Cambridge Service for Data Driven Discovery (CSD3): A Brief Guide

Registration

To use the computing and data services of CSD3, please first sign up this online application form (Raven login).

Notes:

"Service Level" choose "Non-paying (SL3) only"
"Compute Platforms" tick "Peta4-KNL" and "Wilkes2-GPU"
"dedicated nodes" tick "none"
SL2 resources

CSD3 Help Center

We can use this portal or email Stuart for help. They are very nice and helpful!

Log-in

To log-in you need to use Secure Shell (SSH).

For Linux/MacOSX/UNIX system, open a command window.
For Windows system, please download and use Putty or Windows Visual Studio Code.

There are several login nodes, depending on the cluster to use:

icelake

login-icelake.hpc.cam.ac.uk

(1) To access the Peta4-Skylake (CPU cluster) nodes, type ssh <username>@login-cpu.hpc.cam.ac.uk

Each Peta4-Skylake node has 32 CPU cores (2.6GHz), with 6GB per CPU (192GB total RAM) or 12GB per CPU (384GB total RAM).
Within the "slurm_submit" file, use #SBATCH -p skylake to access 6GB per CPU nodes, and use #SBATCH -p skylake-himem to access 12GB per CPU nodes.
Another partition on the CPU cluster is called cclake. Within the "slurm_submit" file, use #SBATCH -p cclake to access it.
If you want to access both skylake and cclake, use #SBATCH -p cclake,skylake
On Peta4-Skylake, SL1 and SL2 users are limited to 1280 cores in use at any one time (maximum walltime of 36 hours per job), and SL3 users are limited to 320 cores (maximum walltime of 12 hours per job per job).

(2) To access the Peta4-KNL (KNL cluster) nodes, type ssh <username>@login-knl.hpc.cam.ac.uk

Each Peta4-KNL node contains 256 logical CPUs (1.30GHz)
The memory mode of the KNL nodes allocated can be specified with the #SBATCH -C option.
On Peta4-KNL, SL1 and SL2 users are limited to 128 nodes in use at any one time (maximum walltime of 36 hours per job), and SL3 users are limited to 64 nodes (maximum walltime of 12 hours per job per job).

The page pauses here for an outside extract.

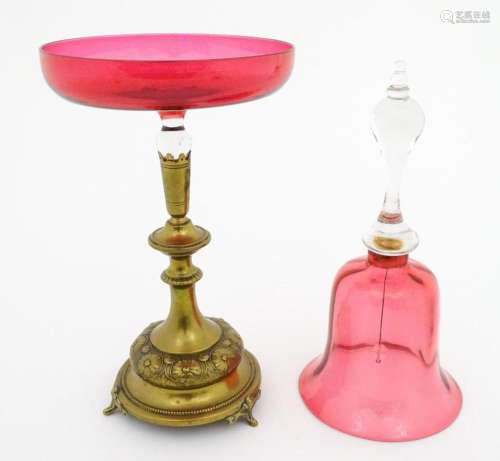 A cranberry clear glass bell together with a glass…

(3) To access the Wilkes2-GPU (GPU cluster) nodes, type ssh <username>@login-gpu.hpc.cam.ac.uk

Each Wilkes2-GPU node contains 4 NVIDIA P100 GPUs.
On Wilkes2-GPU, SL1 and SL2 are limited to 64 GPUs in use at any one time (maximum walltime of 36 hours per job), and SL3 users are limited to 32 GPUs (maximum walltime of 12 hours per job per job).
.

Replace 'username' by you CRSid, your password will be your Raven's one.
SL = Service Level.

For more info, see: https://docs.hpc.cam.ac.uk/hpc/user-guide/connecting.html

Charges for each type of cluster see here

Cluster	Paid unit hours	Price per unit hour
Peta4-Skylake	CPU core hours	£0.010
Peta4-KNL	KNL node hours	£0.140
Wilkes2-GPU	GPU hours	£0.200

KNL node is more expensive than Skylake node. So it's better to use Skylake node for small-scale jobs that only require a few CPUs.
KNL node is good for large-scale jobs that may require several hundred CPUs.

First-time login

We will be asked to check if the host key fingerprints are correct during the first time of login.
Please check details here.

Modules

Loading a module establishes the environment required to find the related include and library files at compile-time and run-time.

Command	Description
`module avail` or `module av`	Check the list of modules installed on the cluster
`module av r-`	Check the list of modules with heading 'r-'
`module list`	Check the modules that have been loaded
`module load <module_name>`	Load a moudle
`module unload <module>`	unload a module
`module whatis`	show available modules with brief explanation

Slurm system (workload management and job scheduling system): Basic concepts

Partition

Node

SLURM

Manage Jobs

Command	Description
`sinfo`	Information about given partition
`scontrol`	Information about given node
`squeue`	Show global cluster information
`scontrol show job nnnn`	Examine the job with jobid nnnn
`scontrol show node nodename`	Examine the node with name nodename
`sbatch`	Submits an executable script to the queueing system
`sintr`	Submits an interactive job to the queueing system
`srun`	Run a command either as a new job or within an existing job
`scancel`	Delete a job
`mybalance`	Show current balance of core hour credits

Here is a cheatsheet and list of job managing commands.

Examples:

sinfo -p skylake Check info and available resources about skylake partition
sinfo -p skylake -l As above, list format
sinfo -p skylake -Nel As above, detailed info
sinfo -p skylake -O nodelist,memory,cpus Get memory and number of CPUs
sinfo -p skylake -O nodehost,memory,cpus As above, one line per node
sinfo -a Get info about all partitions
scontrol show nodes cpu-e-1146 Get detailed information about the node cpu-e-1146

Submit the job to the CSD3 queuing system

The command sbatch is used to submit jobs. For example, after creating a SLURM script "slurm_submit", we submit this job to CSD3 cluster using commend

sbatch slurm_submit

Below section explains SLURM scripts and the CPU/KNL/CPU SLURM templates you can find on the home directory in the CSD3 cluster.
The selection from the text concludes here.